> _ABOUT THIS EXERCISE_: All lines from the one containing "Model is wearing" down to the one containing "Snow-capped mountains under", both ends included, are to be given again exactly; omit the rest of the listing below.

+++ EXERCISE INPUT +++

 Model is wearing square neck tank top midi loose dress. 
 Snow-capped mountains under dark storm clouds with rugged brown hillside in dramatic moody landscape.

+++
+++ EXERCISE INPUT +++

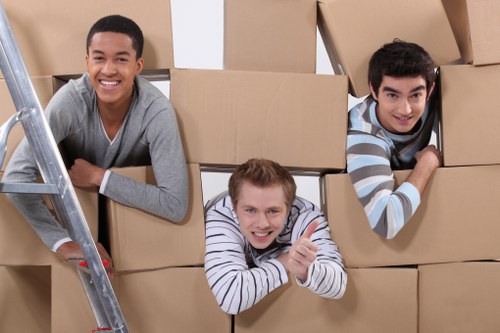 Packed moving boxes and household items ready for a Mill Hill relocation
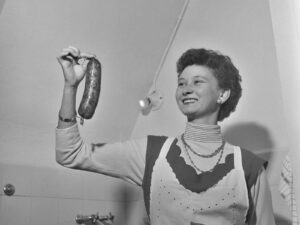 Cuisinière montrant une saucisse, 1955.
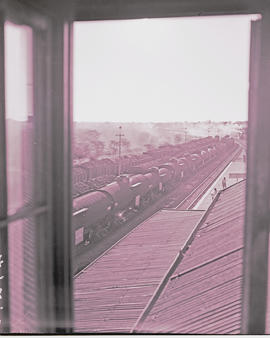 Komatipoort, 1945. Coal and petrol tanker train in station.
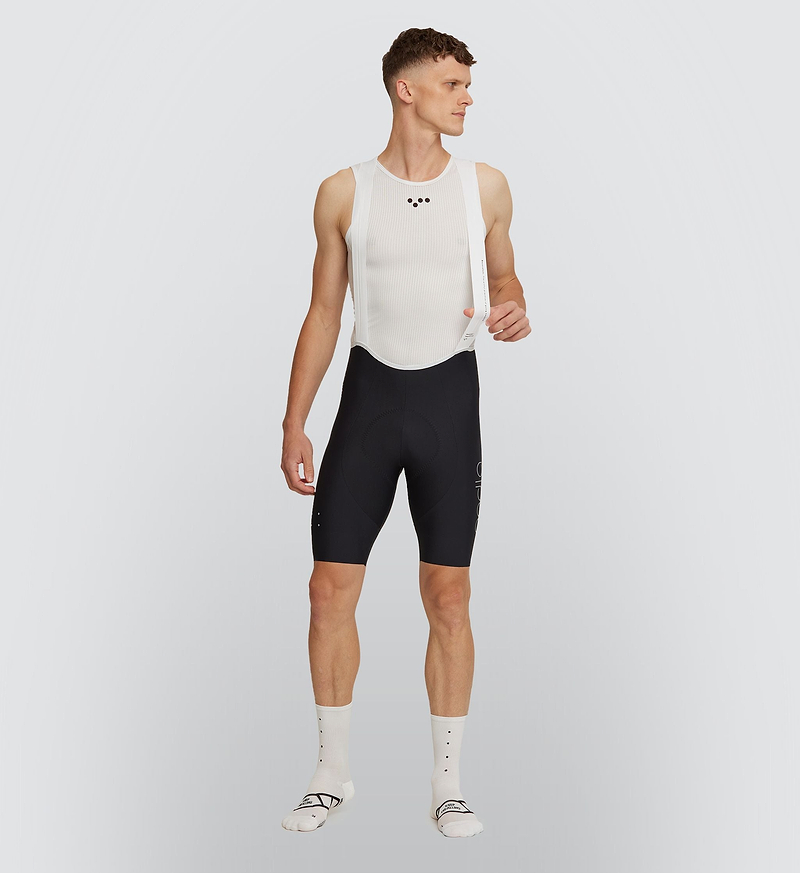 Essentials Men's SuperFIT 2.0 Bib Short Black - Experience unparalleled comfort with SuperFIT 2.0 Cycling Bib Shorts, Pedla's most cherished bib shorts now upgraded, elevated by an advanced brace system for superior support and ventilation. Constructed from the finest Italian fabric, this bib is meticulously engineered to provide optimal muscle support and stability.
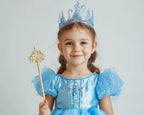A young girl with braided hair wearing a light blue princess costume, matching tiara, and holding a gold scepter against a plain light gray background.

+++

> _EXPECTED ANSWER_:
 Model is wearing square neck tank top midi loose dress. 
 Snow-capped mountains under dark storm clouds with rugged brown hillside in dramatic moody landscape.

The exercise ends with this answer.